Extract the full listing verbatim and drop any pictures from your copy.

[DATA Boundary: Start]

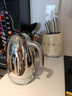SMEG/斯麦格复古电热水壶KLF04烧水养生壶大容量家用不锈钢恒温泡茶咖啡自动断电保温生日乔迁新婚礼物 1.7L 电镀银色 实拍图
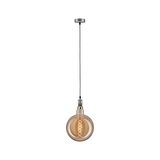 Pendant light with amber glass and visible spiral filament, metal fitting and fabric cable for interior lighting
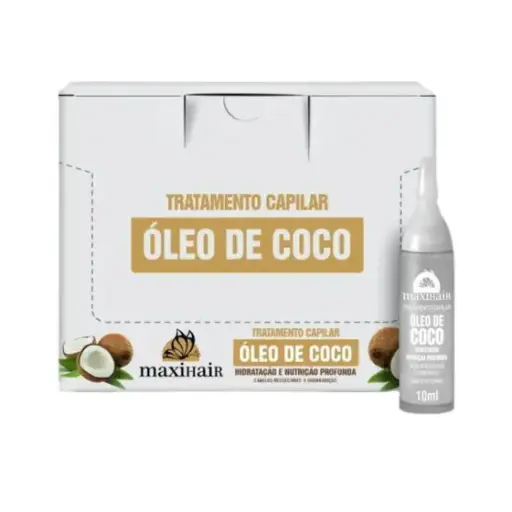 VITAMINA AMPOLA OLEO DE COCO 10 ml - C/24 (MAXI HAIR)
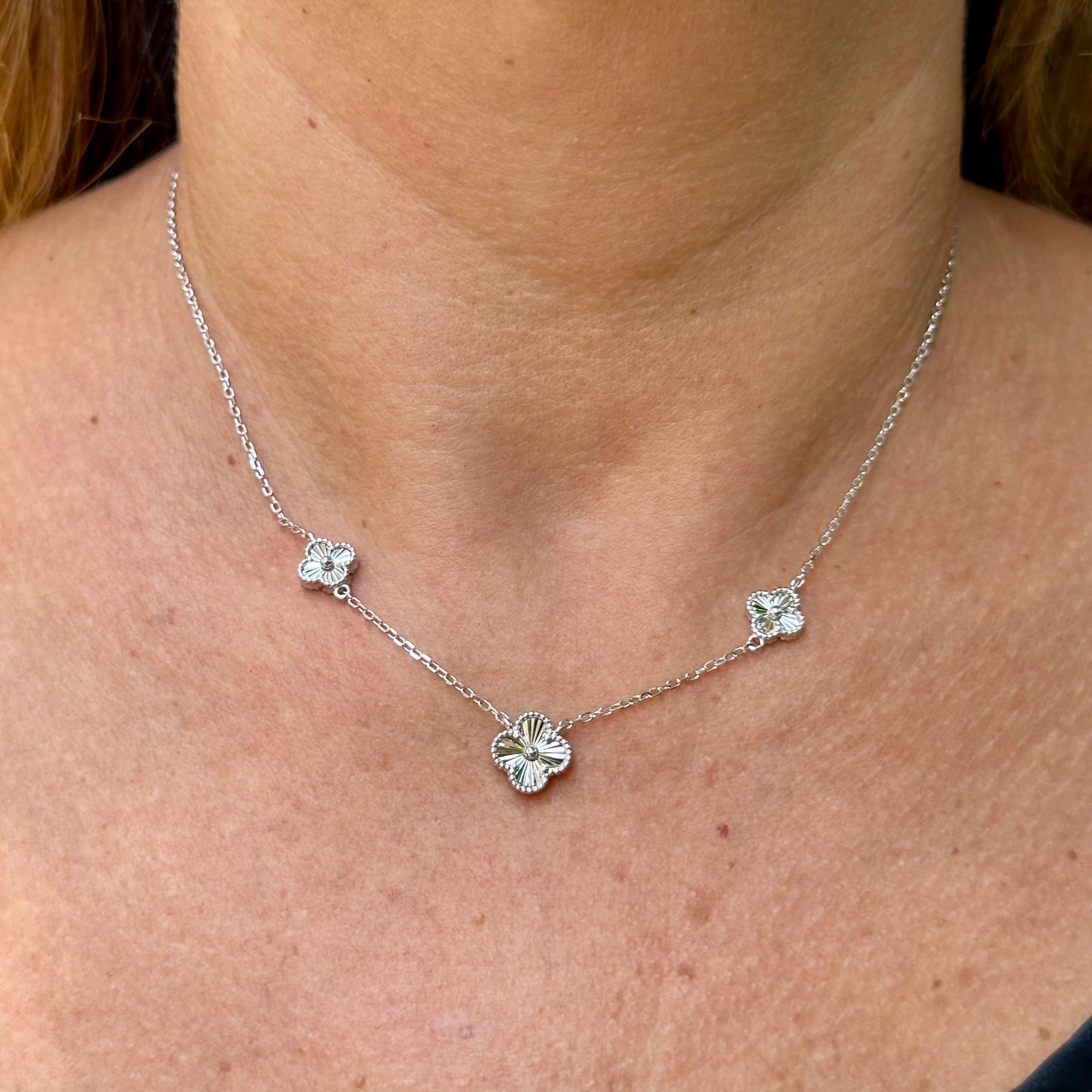 Three Flowers Necklace in Sterling Silver 925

[DATA Boundary: End]

* RESPONSE TO THE EXERCISE:
SMEG/斯麦格复古电热水壶KLF04烧水养生壶大容量家用不锈钢恒温泡茶咖啡自动断电保温生日乔迁新婚礼物 1.7L 电镀银色 实拍图
 Pendant light with amber glass and visible spiral filament, metal fitting and fabric cable for interior lighting
 VITAMINA AMPOLA OLEO DE COCO 10 ml - C/24 (MAXI HAIR)
 Three Flowers Necklace in Sterling Silver 925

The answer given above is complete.